**TASK BRIEF**
Produce word for word the lines of the data below running from the one that has "Toggle Chunky Transparent" to the one that has "Футболка женская с", inclusive, and no others.

**RECORDS PROVIDED**
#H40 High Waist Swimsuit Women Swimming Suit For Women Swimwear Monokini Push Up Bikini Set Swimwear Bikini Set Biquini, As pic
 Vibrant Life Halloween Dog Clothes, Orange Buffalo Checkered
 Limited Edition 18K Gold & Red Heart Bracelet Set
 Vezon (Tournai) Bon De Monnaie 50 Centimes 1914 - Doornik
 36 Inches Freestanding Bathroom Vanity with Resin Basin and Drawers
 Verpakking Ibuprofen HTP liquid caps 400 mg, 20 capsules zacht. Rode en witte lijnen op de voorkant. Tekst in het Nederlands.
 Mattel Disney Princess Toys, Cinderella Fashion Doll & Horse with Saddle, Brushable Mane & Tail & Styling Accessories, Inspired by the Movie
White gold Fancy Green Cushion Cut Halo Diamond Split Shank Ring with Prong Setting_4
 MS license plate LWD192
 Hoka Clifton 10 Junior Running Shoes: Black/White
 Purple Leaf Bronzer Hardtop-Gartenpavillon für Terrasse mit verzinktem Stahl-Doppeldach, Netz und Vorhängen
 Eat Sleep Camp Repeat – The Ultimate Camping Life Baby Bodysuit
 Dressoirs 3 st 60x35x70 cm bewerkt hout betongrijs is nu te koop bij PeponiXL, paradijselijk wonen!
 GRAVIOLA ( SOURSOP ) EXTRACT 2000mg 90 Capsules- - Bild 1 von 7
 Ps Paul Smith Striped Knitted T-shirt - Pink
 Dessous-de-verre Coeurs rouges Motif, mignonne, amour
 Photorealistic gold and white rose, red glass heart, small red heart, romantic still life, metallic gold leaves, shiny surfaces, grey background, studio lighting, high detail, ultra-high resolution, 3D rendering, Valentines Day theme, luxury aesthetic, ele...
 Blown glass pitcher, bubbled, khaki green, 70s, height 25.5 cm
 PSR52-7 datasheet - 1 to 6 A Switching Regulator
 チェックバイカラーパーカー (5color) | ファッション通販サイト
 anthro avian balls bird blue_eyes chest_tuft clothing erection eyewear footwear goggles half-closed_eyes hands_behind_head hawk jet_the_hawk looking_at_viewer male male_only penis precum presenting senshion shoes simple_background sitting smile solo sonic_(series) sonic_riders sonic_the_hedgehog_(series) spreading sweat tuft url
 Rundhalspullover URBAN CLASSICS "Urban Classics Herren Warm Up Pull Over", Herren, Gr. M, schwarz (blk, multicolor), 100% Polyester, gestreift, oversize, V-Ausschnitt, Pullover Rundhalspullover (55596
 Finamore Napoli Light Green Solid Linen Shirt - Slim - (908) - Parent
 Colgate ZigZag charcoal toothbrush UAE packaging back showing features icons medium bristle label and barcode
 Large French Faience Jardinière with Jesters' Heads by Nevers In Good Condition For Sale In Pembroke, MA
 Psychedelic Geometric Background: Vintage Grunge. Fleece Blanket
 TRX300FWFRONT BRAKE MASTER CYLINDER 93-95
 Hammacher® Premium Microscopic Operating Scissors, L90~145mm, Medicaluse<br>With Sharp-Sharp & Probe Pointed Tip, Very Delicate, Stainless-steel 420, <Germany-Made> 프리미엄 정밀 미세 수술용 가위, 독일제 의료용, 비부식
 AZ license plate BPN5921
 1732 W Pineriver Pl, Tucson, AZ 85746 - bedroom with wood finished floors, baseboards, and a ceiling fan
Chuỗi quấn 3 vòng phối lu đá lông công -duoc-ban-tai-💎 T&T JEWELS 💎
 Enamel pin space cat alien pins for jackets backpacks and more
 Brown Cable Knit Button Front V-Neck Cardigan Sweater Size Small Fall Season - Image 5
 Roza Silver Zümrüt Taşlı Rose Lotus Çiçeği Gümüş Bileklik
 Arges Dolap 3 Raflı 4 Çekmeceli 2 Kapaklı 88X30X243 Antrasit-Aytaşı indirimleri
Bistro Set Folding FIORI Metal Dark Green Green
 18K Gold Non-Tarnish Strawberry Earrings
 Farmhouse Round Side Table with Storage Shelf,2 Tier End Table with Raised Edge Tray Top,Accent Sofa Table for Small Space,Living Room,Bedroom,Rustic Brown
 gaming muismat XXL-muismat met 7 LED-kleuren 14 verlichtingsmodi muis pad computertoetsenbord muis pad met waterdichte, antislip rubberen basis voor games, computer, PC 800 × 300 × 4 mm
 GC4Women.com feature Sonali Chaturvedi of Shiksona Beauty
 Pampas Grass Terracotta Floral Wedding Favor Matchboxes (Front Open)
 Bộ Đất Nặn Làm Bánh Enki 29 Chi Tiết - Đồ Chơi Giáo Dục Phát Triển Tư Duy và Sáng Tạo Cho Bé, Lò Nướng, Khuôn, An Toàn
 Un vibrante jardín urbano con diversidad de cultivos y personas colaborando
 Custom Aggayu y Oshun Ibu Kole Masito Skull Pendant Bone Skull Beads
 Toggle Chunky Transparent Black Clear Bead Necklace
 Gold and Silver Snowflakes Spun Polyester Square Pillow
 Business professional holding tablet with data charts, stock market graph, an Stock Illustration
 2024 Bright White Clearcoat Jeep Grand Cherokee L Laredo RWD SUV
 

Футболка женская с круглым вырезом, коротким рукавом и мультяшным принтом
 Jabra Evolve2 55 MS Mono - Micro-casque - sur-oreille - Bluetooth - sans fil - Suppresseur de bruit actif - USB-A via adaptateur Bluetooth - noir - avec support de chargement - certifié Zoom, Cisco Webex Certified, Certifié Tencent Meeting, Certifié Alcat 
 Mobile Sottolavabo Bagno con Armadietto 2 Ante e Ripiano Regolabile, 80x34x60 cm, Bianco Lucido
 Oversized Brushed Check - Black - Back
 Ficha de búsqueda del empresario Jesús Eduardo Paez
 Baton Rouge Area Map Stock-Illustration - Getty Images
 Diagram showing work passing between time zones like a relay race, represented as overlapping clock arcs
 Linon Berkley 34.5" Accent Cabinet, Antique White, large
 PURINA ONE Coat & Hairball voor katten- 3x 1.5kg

**EXERCISE RESULT**
 Toggle Chunky Transparent Black Clear Bead Necklace
 Gold and Silver Snowflakes Spun Polyester Square Pillow
 Business professional holding tablet with data charts, stock market graph, an Stock Illustration
 2024 Bright White Clearcoat Jeep Grand Cherokee L Laredo RWD SUV
 

Футболка женская с круглым вырезом, коротким рукавом и мультяшным принтом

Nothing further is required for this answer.